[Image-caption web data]

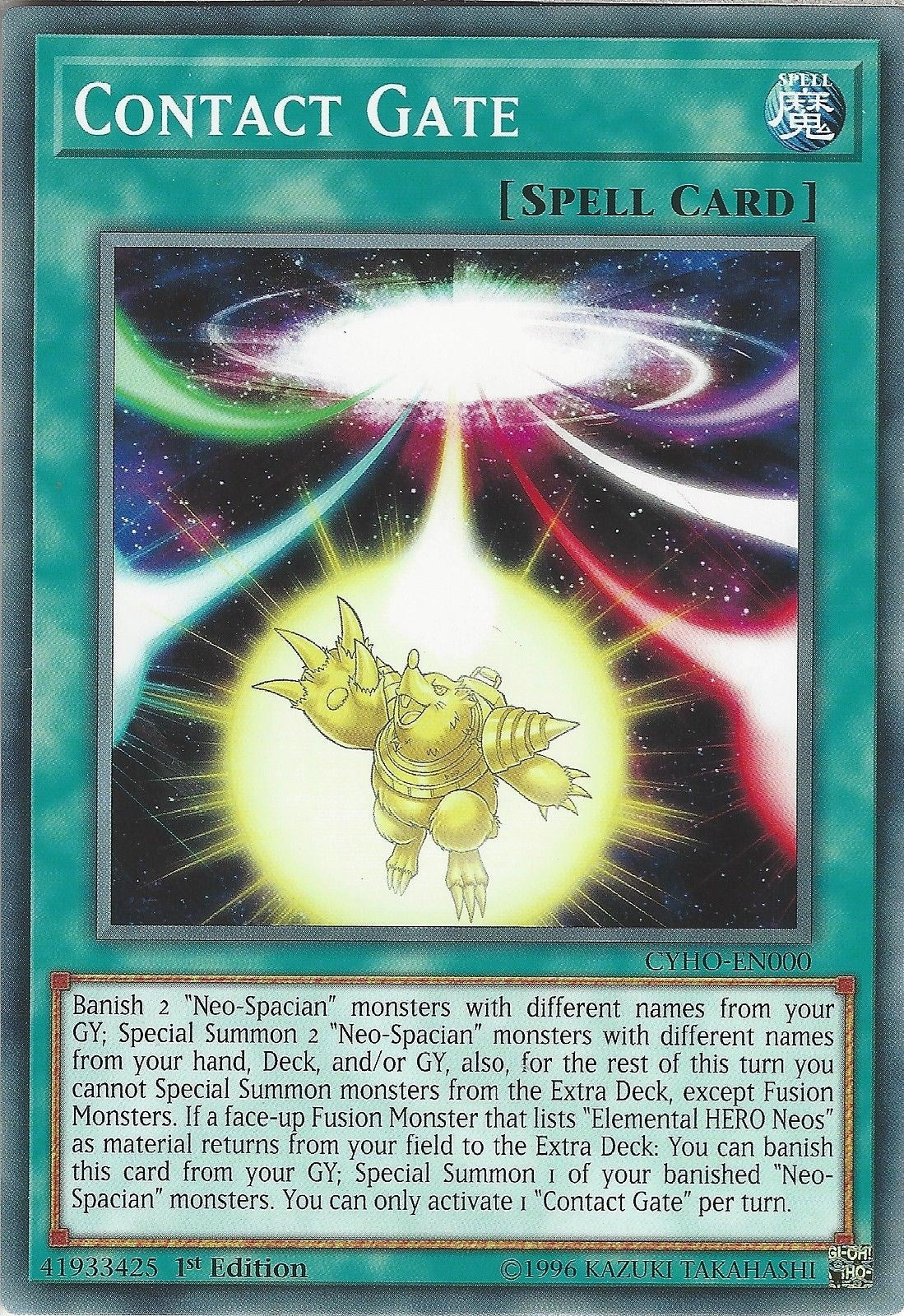 Image for Contact Gate (Cybernetic Horizon) (CYHO-EN000) - YuGiOh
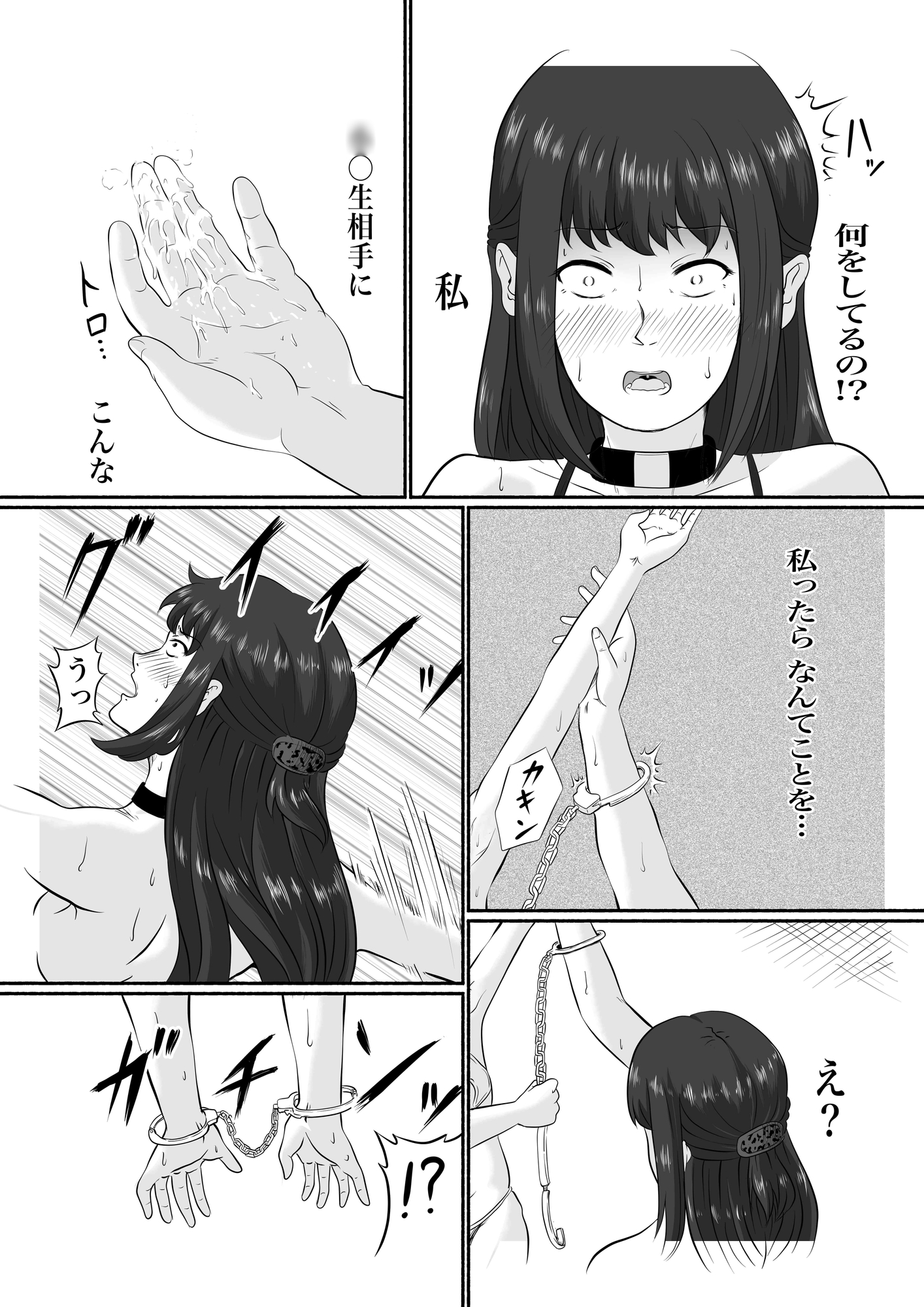 連続アクメバトル2
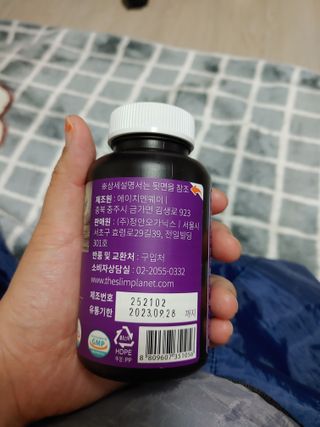 행복+추억=?님이 올린 리뷰 사진 2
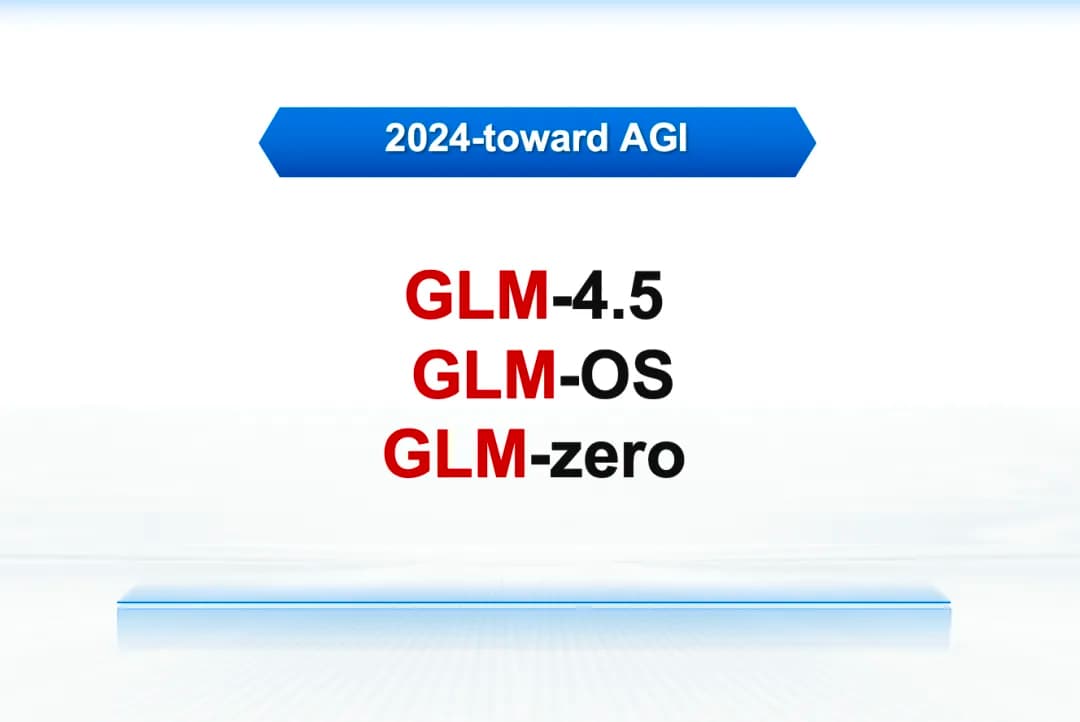 智谱AI 亮相 2024 ICLR,分享面向 AGI 的三大技术趋势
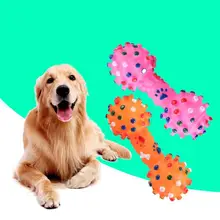 Собачка Маленькая Шипованная гантель в форме кости, игрушка для питомца, резиновая вокальная молярная игрушка, Обучающие интерактивные инструменты, товары для собак
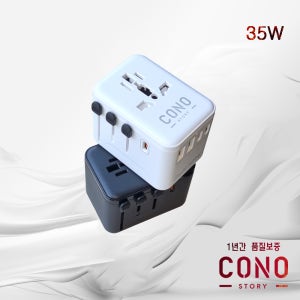 코노 CONO 해외 여행용 어댑터 PD35W 5포트 멀티 충전 고속충전 멀티탭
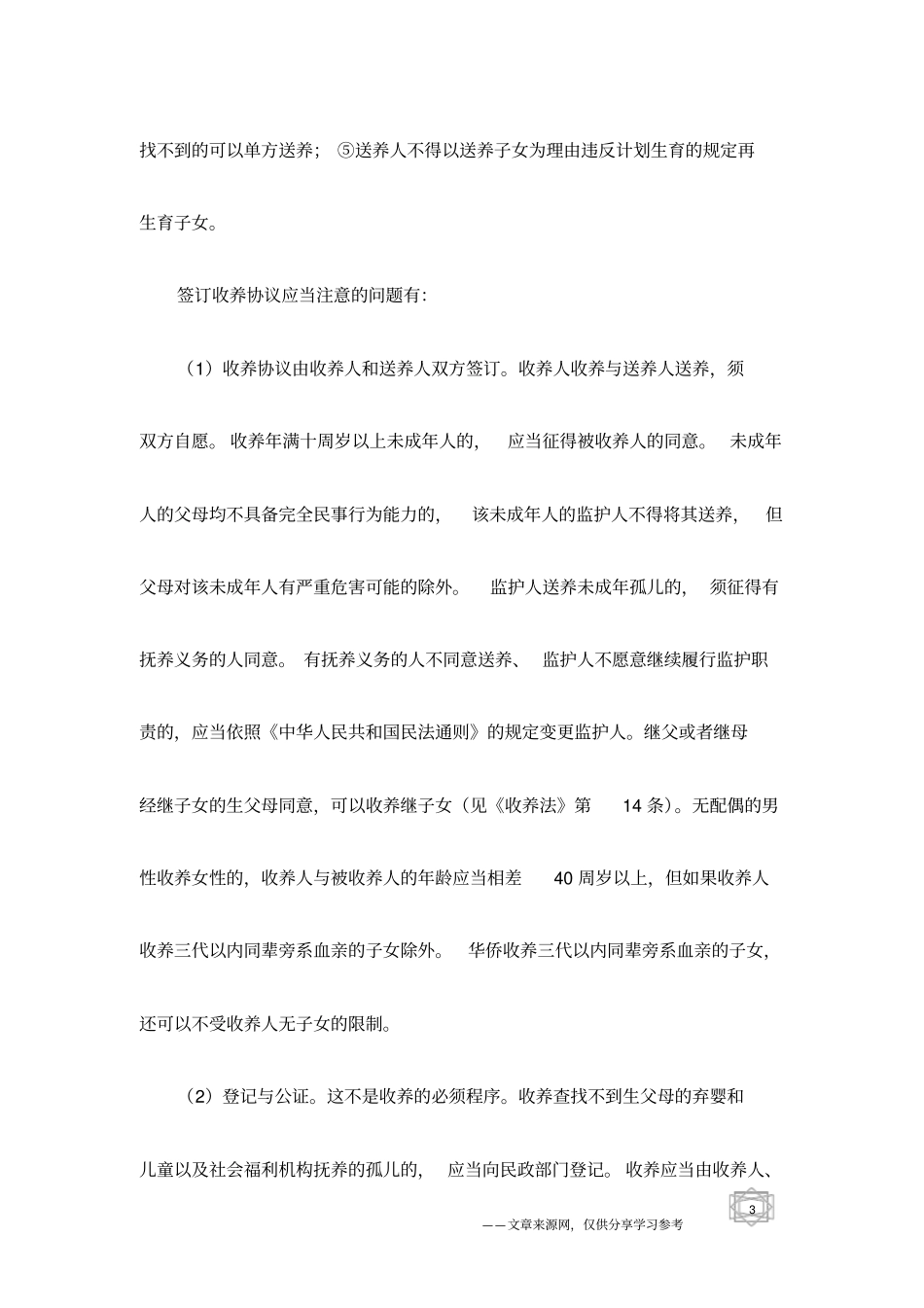 收养协议书非诉讼法律文书_第3页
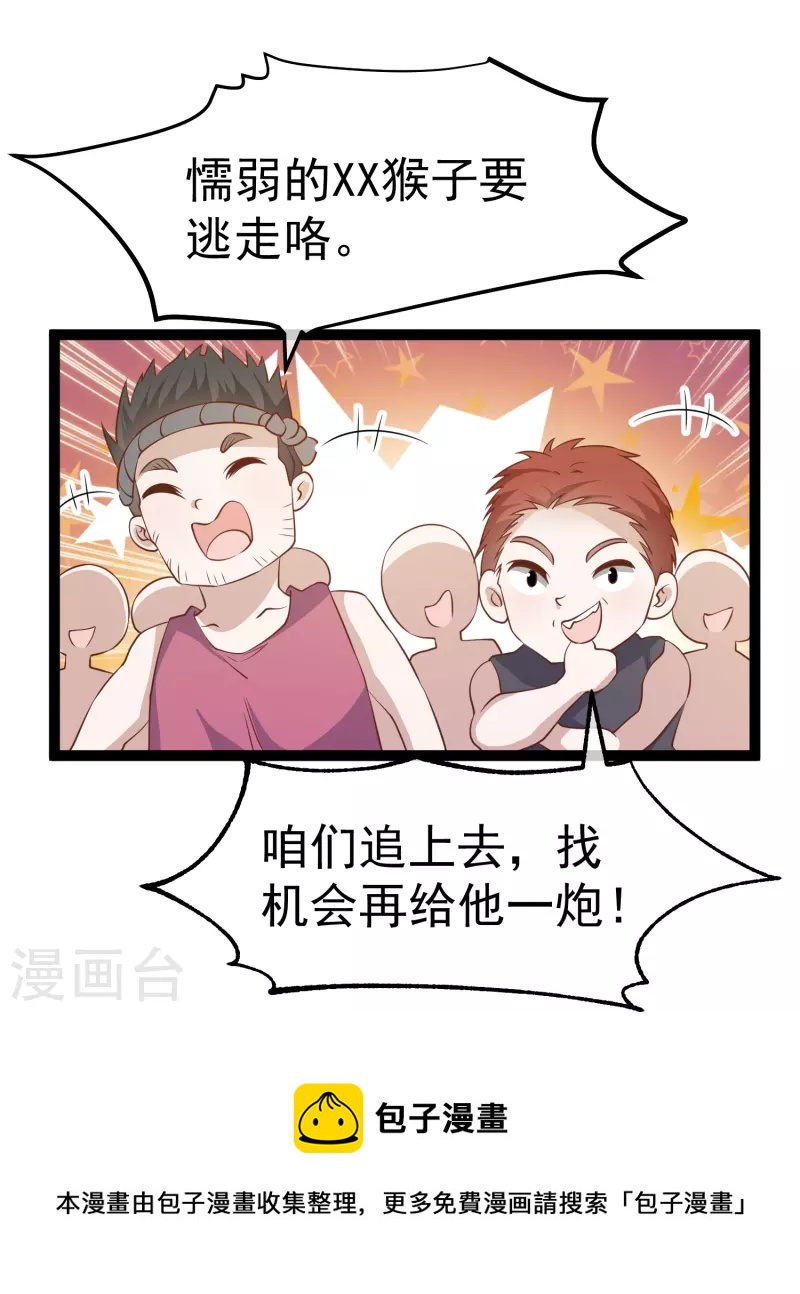 第255话 出行印度洋-第262话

• _Work item_
Only the text of the records is to be reproduced exactly; skip the pictures.

• _Task answer_
 Image for Contact Gate (Cybernetic Horizon) (CYHO-EN000) - YuGiOh
 連続アクメバトル2
 행복+추억=?님이 올린 리뷰 사진 2
 智谱AI 亮相 2024 ICLR,分享面向 AGI 的三大技术趋势
 Собачка Маленькая Шипованная гантель в форме кости, игрушка для питомца, резиновая вокальная молярная игрушка, Обучающие интерактивные инструменты, товары для собак
 코노 CONO 해외 여행용 어댑터 PD35W 5포트 멀티 충전 고속충전 멀티탭
 收养协议书非诉讼法律文书_第3页
 第255话 出行印度洋-第262话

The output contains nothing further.